A new Urban Land Institute report suggests city officials relax certain provisions of the Miami 21 zoning code to encourage denser developments on narrower lots and further incentivize developers who reduce or eliminate parking, among other recommendations.

Report co-author Andrew Frey presented his ULI focus group’s findings on Friday to Miami Mayor Francis Suarez, who declined to comment about how he will incorporate the report’s recommendations into a revamp of Miami 21 that is currently underway.

“We are focused that [growth] happens responsibly,” Suarez said. “That it supports things like transit; that it supports our resiliency efforts.”\

Frey, director of development for Fortis Design + Build, said the focus group was formed last year to look at aspects of Miami 21 that inhibit progress in areas of housing choice, affordability and mobility.

“We wanted to give specific textual recommendations that hopefully can shorten up the cycle between finding glitches or gaps in Miami 21 and filling them,” Frey said. “We tried to make the recommendations as concrete as possible.”

According to the report, city officials should consider deleting lot size minimums and density maximums in certain areas, such as those zoned T4, T5 and T6. The neighborhoods with T4 zoning allow a transition from single-family homes to multifamily buildings with room for small businesses and mom-and-pop retail such as Southwest Eighth Street in Little Havana.
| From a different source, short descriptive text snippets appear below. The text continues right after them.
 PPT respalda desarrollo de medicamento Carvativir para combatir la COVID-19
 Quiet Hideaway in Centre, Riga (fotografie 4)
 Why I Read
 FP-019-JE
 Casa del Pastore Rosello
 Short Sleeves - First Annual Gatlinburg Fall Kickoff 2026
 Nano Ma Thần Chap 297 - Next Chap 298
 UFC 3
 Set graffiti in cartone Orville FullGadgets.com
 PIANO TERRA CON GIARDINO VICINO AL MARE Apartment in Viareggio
In T5 neighborhoods, developers can put up mixed-use buildings that accomodate retail, office and apartments such as Wynwood. And T6 neighborhoods allow developers to build multi-story condo, apartment and office towers such as downtown Miami, Brickell and Edgewater.
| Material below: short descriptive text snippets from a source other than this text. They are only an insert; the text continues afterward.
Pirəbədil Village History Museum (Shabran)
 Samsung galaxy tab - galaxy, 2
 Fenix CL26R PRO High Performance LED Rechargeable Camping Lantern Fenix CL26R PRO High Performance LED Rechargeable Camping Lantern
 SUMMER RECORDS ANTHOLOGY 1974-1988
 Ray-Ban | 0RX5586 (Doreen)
Getting rid of density maximums would allow developers to build more apartments sized smaller for mid-market renters because they would be able to build 100 or more units an acre . And by eliminating lot size minimums, Miami can encourage the development of more housing types such as townhouses, row houses and brownstones found in other major U.S. metropolitan cities, the report states.

The ULI focus group also suggested dramatic revisions to the parking standards in Miami 21, including having the Miami Parking Authority provide all on-street parking in single-family residential neighborhoods as residents-only at no cost. Other recommendations included significantly reducing parking requirements for new buildings and allowing developers to obtain parking reductions without having to pay impact fees.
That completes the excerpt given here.